### TASK INSTRUCTIONS
The reply should hold every line of the data, unchanged and complete.

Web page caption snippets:
Segment Open
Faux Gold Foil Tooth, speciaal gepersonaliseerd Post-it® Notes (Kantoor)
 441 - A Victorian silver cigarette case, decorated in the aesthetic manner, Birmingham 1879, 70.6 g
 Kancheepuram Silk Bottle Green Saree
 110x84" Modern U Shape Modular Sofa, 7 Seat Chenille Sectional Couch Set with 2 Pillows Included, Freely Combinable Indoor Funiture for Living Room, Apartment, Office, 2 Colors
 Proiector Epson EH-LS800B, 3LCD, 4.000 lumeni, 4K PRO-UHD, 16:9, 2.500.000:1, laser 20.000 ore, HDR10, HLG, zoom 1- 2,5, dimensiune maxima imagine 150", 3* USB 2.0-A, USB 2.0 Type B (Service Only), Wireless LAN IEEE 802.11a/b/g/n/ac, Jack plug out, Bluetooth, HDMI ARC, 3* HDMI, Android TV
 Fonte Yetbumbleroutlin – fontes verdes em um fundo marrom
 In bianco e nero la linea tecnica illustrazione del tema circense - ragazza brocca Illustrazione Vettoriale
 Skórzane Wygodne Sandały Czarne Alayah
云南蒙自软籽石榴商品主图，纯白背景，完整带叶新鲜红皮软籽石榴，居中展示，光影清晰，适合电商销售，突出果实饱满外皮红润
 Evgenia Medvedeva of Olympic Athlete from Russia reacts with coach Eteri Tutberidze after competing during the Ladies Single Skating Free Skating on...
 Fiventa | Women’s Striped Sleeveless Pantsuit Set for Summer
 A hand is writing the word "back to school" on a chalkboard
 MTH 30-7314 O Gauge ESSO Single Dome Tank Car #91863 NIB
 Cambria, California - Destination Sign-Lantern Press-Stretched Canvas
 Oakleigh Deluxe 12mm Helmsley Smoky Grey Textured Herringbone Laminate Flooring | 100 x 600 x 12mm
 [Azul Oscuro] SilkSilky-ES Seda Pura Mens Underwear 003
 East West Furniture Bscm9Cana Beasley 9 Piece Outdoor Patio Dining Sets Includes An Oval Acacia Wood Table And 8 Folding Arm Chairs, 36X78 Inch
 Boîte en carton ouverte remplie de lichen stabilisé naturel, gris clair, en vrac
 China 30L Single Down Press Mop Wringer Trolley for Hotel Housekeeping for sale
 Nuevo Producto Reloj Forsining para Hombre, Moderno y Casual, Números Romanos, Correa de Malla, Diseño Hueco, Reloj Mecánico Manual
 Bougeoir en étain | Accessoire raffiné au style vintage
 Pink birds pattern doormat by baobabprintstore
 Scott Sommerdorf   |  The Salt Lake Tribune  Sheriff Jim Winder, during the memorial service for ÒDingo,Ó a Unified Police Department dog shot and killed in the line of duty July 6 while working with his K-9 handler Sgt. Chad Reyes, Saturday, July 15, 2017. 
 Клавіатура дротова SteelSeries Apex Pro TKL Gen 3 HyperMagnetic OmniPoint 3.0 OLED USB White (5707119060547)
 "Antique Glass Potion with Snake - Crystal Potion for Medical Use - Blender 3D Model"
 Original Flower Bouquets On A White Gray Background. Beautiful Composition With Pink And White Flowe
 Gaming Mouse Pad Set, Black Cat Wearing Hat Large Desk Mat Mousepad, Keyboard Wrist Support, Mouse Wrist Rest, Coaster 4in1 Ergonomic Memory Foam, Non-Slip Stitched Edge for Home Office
Segment Closed
### TASK ANSWER
Faux Gold Foil Tooth, speciaal gepersonaliseerd Post-it® Notes (Kantoor)
 441 - A Victorian silver cigarette case, decorated in the aesthetic manner, Birmingham 1879, 70.6 g
 Kancheepuram Silk Bottle Green Saree
 110x84" Modern U Shape Modular Sofa, 7 Seat Chenille Sectional Couch Set with 2 Pillows Included, Freely Combinable Indoor Funiture for Living Room, Apartment, Office, 2 Colors
 Proiector Epson EH-LS800B, 3LCD, 4.000 lumeni, 4K PRO-UHD, 16:9, 2.500.000:1, laser 20.000 ore, HDR10, HLG, zoom 1- 2,5, dimensiune maxima imagine 150", 3* USB 2.0-A, USB 2.0 Type B (Service Only), Wireless LAN IEEE 802.11a/b/g/n/ac, Jack plug out, Bluetooth, HDMI ARC, 3* HDMI, Android TV
 Fonte Yetbumbleroutlin – fontes verdes em um fundo marrom
 In bianco e nero la linea tecnica illustrazione del tema circense - ragazza brocca Illustrazione Vettoriale
 Skórzane Wygodne Sandały Czarne Alayah
云南蒙自软籽石榴商品主图，纯白背景，完整带叶新鲜红皮软籽石榴，居中展示，光影清晰，适合电商销售，突出果实饱满外皮红润
 Evgenia Medvedeva of Olympic Athlete from Russia reacts with coach Eteri Tutberidze after competing during the Ladies Single Skating Free Skating on...
 Fiventa | Women’s Striped Sleeveless Pantsuit Set for Summer
 A hand is writing the word "back to school" on a chalkboard
 MTH 30-7314 O Gauge ESSO Single Dome Tank Car #91863 NIB
 Cambria, California - Destination Sign-Lantern Press-Stretched Canvas
 Oakleigh Deluxe 12mm Helmsley Smoky Grey Textured Herringbone Laminate Flooring | 100 x 600 x 12mm
 [Azul Oscuro] SilkSilky-ES Seda Pura Mens Underwear 003
 East West Furniture Bscm9Cana Beasley 9 Piece Outdoor Patio Dining Sets Includes An Oval Acacia Wood Table And 8 Folding Arm Chairs, 36X78 Inch
 Boîte en carton ouverte remplie de lichen stabilisé naturel, gris clair, en vrac
 China 30L Single Down Press Mop Wringer Trolley for Hotel Housekeeping for sale
 Nuevo Producto Reloj Forsining para Hombre, Moderno y Casual, Números Romanos, Correa de Malla, Diseño Hueco, Reloj Mecánico Manual
 Bougeoir en étain | Accessoire raffiné au style vintage
 Pink birds pattern doormat by baobabprintstore
 Scott Sommerdorf   |  The Salt Lake Tribune  Sheriff Jim Winder, during the memorial service for ÒDingo,Ó a Unified Police Department dog shot and killed in the line of duty July 6 while working with his K-9 handler Sgt. Chad Reyes, Saturday, July 15, 2017. 
 Клавіатура дротова SteelSeries Apex Pro TKL Gen 3 HyperMagnetic OmniPoint 3.0 OLED USB White (5707119060547)
 "Antique Glass Potion with Snake - Crystal Potion for Medical Use - Blender 3D Model"
 Original Flower Bouquets On A White Gray Background. Beautiful Composition With Pink And White Flowe
 Gaming Mouse Pad Set, Black Cat Wearing Hat Large Desk Mat Mousepad, Keyboard Wrist Support, Mouse Wrist Rest, Coaster 4in1 Ergonomic Memory Foam, Non-Slip Stitched Edge for Home Office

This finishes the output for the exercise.